From: Mathieu Desnoyers <hidden>
Date: 2017-11-21 11:24:58
Also in: lkml

----- On Nov 20, 2017, at 2:44 PM, Thomas Gleixner tglx-hfZtesqFncYOwBW4kG4KsQ@public.gmane.org wrote:

On Mon, 20 Nov 2017, Mathieu Desnoyers wrote:

quoted

----- On Nov 20, 2017, at 12:48 PM, Thomas Gleixner tglx-hfZtesqFncYOwBW4kG4KsQ@public.gmane.org wrote:
The use-case for 4k memcpy operation is a per-cpu ring buffer where
the rseq fast-path does the following:

- ring buffer push: in the rseq asm instruction sequence, a memcpy of a
  given structure (limited to 4k in size) into a ring buffer,
  followed by the final commit instruction which increments the current
  position offset by the number of bytes pushed.

- ring buffer pop: in the rseq asm instruction sequence, a memcpy of
  a given structure (up to 4k) from the ring buffer, at "position" offset.
  The final commit instruction decrements the current position offset by
  the number of bytes pop'd.

Having cpu_opv do a 4k memcpy allow it to handle scenarios where
rseq fails to progress.

I'm still confused. Before you talked about the sequence:

   1) Reserve

   2) Commit

and both use rseq, but obviously you cannot do two "atomic" operation in
one section.

So now you talk about push. Is that what you described earlier as commit?

Assumed that it is, I still have no idea why the memcpy needs to happen in
that preempt disabled region.

If you have space reserved, then the copy does not have any dependencies
neither on the cpu it runs on nor on anything else. So the only
interresting operation is the final commit instruction which tells the
consumer that its ready.

So what is the part I am missing here aside of having difficulties to map
the constantly changing names of this stuff?

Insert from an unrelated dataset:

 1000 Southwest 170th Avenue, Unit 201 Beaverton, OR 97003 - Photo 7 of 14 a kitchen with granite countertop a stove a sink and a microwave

Let's clear up some confusion: those are two different use-cases. The
ring buffer with reserve+commit is a FIFO ring buffer, and the ring buffer
with memcpy+position update is a LIFO queue.

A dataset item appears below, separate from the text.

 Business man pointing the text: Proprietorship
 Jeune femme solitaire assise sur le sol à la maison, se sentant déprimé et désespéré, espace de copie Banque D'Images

Let me explain the various use-cases here, so we know what we're talking
about.

rseq and cpu_opv use-cases

1) per-cpu spinlock

A per-cpu spinlock can be implemented as a rseq consisting of a
comparison operation (== 0) on a word, and a word store (1), followed
by an acquire barrier after control dependency. The unlock path can be
performed with a simple store-release of 0 to the word, which does
not require rseq.

The cpu_opv fallback requires a single-word comparison (== 0) and a
single-word store (1).


2) per-cpu statistics counters

A per-cpu statistics counters can be implemented as a rseq consisting
of a final "add" instruction on a word as commit.

The cpu_opv fallback can be implemented as a "ADD" operation.

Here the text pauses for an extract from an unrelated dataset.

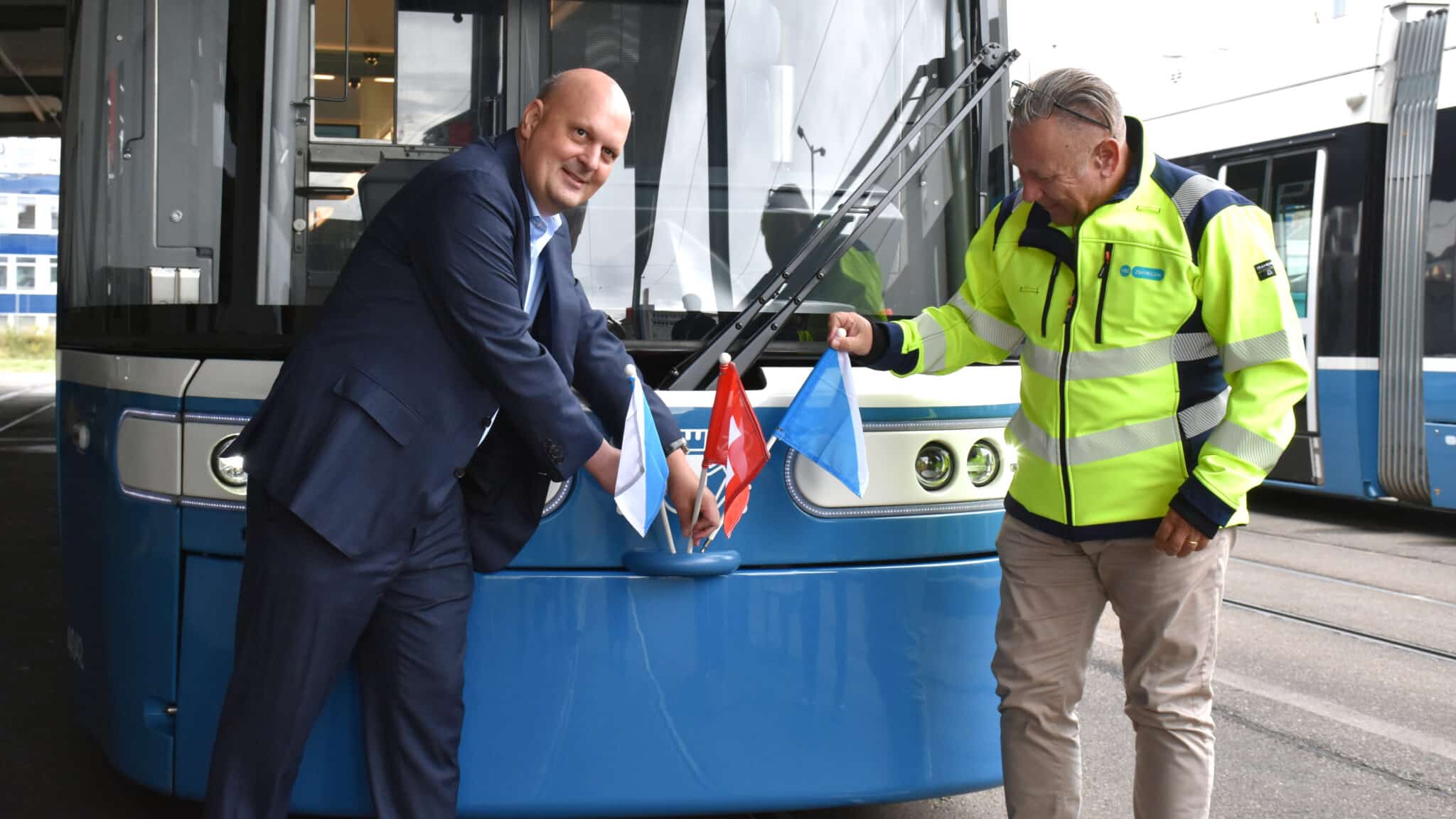 Zwei Männer befestigen kleine Fahnen an der Front eines blau-weissen Flexity-Trams.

Besides statistics tracking, these counters can be used to implement
user-space RCU per-cpu grace period tracking for both single and
multi-process user-space RCU.


3) per-cpu LIFO linked-list (unlimited size stack)

A per-cpu LIFO linked-list has a "push" and "pop" operation,
which respectively adds an item to the list, and removes an
item from the list.

The "push" operation can be implemented as a rseq consisting of
a word comparison instruction against head followed by a word store
(commit) to head. Its cpu_opv fallback can be implemented as a
word-compare followed by word-store as well.

The "pop" operation can be implemented as a rseq consisting of
loading head, comparing it against NULL, loading the next pointer
at the right offset within the head item, and the next pointer as
a new head, returning the old head on success.

The cpu_opv fallback for "pop" differs from its rseq algorithm:
considering that cpu_opv requires to know all pointers at system
call entry so it can pin all pages, so cpu_opv cannot simply load
head and then load the head->next address within the preempt-off
critical section. User-space needs to pass the head and head->next
addresses to the kernel, and the kernel needs to check that the
head address is unchanged since it has been loaded by user-space.
However, when accessing head->next in a ABA situation, it's
possible that head is unchanged, but loading head->next can
result in a page fault due to a concurrently freed head object.
This is why the "expect_fault" operation field is introduced: if a
fault is triggered by this access, "-EAGAIN" will be returned by
cpu_opv rather than -EFAULT, thus indicating the the operation
vector should be attempted again. The "pop" operation can thus be
implemented as a word comparison of head against the head loaded
by user-space, followed by a load of the head->next pointer (which
may fault), and a store of that pointer as a new head.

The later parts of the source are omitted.